Hope Mirrlees is most known for her third novel, the fantasy
Lud-in-the-Mist (1926), which has its keen enthusiasts, and more
recently she has been rediscovered as an early Modernist poet with her long
poem Paris (1920). But her two earlier novels have not so far attracted
the same attention.
These are Madeleine, One of Love’s Jansenists (1919)
and The Counterplot, which was published one hundred years ago in
February 1924. The latter is not in the least like Lud-in-the-Mist in
setting or style and any enthusiasts of that coming to it with similar
expectations might be somewhat baffled.
The author was 36 years old at the publication of the book,
and she dedicated it to her tutor and companion, the much older Jane Harrison, the
Cambridge classicist noted for her Prolegomena to the Study of Greek
Religion (1903) and similar studies. There are allusions in the novel to
the classical idea of contrasting Apollonian and Dionysian energies.
The dustwrapper to a June 1926 reprint I have says the book
is ‘a study of the literary temperament. Teresa Lane, watching the slow
movement of life manifesting itself in the changing inter-relations of her
family, is teased by the complexity of the spectacle, and comes to realise that
her mind will never know peace till, by transposing the problem into art, she
has reduced it to its permanent essential factors.'
The Counterplot is set in a country house in Eastern
England. Teresa Lane is the daughter of an English stockbroker father and
Spanish mother. She has aesthetical and intellectual interests. Through her
eyes, Mirrlees describes evocatively the setting, the garden, and the décor of
the house, particularly noticing the effects of light and shadow. Teresa sees
the house as like a toy ark with wooden figures inside.
The household is introduced. She has an older brother and
younger sister, and helps look after a niece and nephew, children of another,
deceased sister. An Old Nurse is also part of the family, and there is also a
working nursemaid and other servants (barely mentioned). They are joined by
various guests, mostly friends of her brother. There are the habits of this
time and class: the men dress for dinner, have port together afterwards, play
billiards, and talk about sport and high finance, while the women are
decorative, encourage the shyer men, and have slightly more cultured conversation.
Yet there are also hints of the mystical. Teresa thinks that
in the house at certain moments ‘the present and the past have become one’. A
guest, David Monroe, a young business associate of Teresa’s father, talks about
the war: most veterans, he avers, had ‘some queer sort of experience.' Then he
adds, obscurely: ‘One sees the star’. He has become a Roman Catholic, and later
decides to become a priest. But even bluff, sporty cousin Rory has an uncanny
side, talking to Teresa about what scared him as a child: the clock striking
midnight, or staring at his reflection in a mirror.

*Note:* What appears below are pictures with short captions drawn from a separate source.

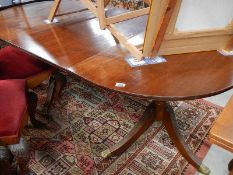 A mahogany twin pedestal table with one extra leaf.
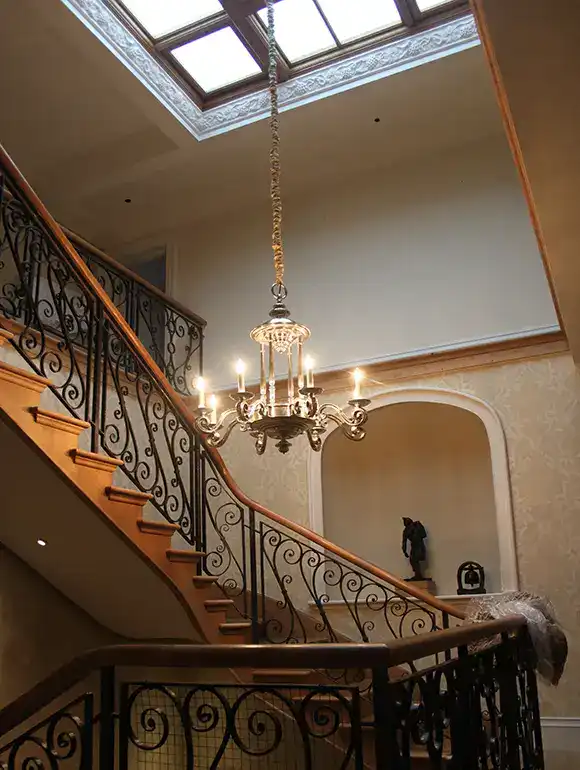 Chandelier lighting fixture hanging above a curved staircase with ornate iron railing and a skylight.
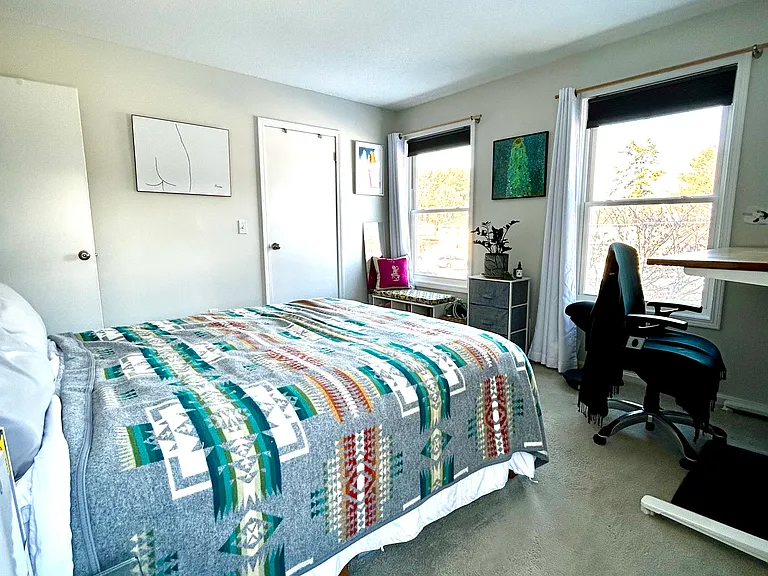 Front bedroom looking outward, sit / stand desk just out of frame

I was reminded to some extent of David Lindsay’s Sphinx
(1923), published just a few months earlier. There is a similar social circle,
with its formalities and courtship complications, the decorous, ‘proper’ life
of the well-off, contrasted with hints of the otherworldly glimpsed alongside
this shallow show. But whereas in Lindsay’s novel there is a specific supernatural
device involved, a dream machine, Mirrlees presents instead the brief
fragmentary memories and impressions of her characters. For example, Teresa
recalls a moment when she looked back at the furniture of her rooms in Chelsea
and saw the old worn objects transformed into pure planes and shapes, like, she
thinks, a glimpse of the Beatific Vision.
Another comparison of the book might be with the highly
mannered prose fantasias of Sacheverell Sitwell, celebrations of art,
architecture and connoisseurship. It is not that the structure or content are
similar, but there are parallels in the patrician tone and fierce, rather
frosty sophistication.
The question, as with Lindsay’s Sphinx, is whether
the book’s brief mystical glimpses are sufficient for the enthusiast of
fantastic literature, who may find the moneyed country house milieu rather
tiresome. This is, in part, the dilemma of her protagonist, Teresa, too. She
finds her family, and their guests, have irksome mannerisms and moods. The men,
she thinks, have no real interior life. Certainly, they have mere fancy, of
what she thinks of as the Alice in Wonderland or Rider Haggard type, but they
do not know how to ‘make myth’. Mirrlees clearly sees an important distinction here, but this is somewhat under-explored.
The literary work Teresa devises to express her feelings
about her family is a pastiche of 14th century Spanish religious
pageants, set in Seville at the time of Pedro the Cruel. She uses it (says the dustwrapper) to ‘vent
repressed irritation, to say things that she is too proud and civilised ever to
have said in any other way.’ This play, ‘The Key’, becomes her main focus and
in due course is given in its entirety, a bold move in a novel.
Not all readers
will share her heroine’s rather arcane interest in this era and its symbolism,
and those not put off by the manners of the leisured class may now find another
obstacle to sympathy. But what can certainly be said for The Counterplot is
that it is highly original, a strange mix of the conventional and the baroque,
and has numerous passages of descriptive finesse.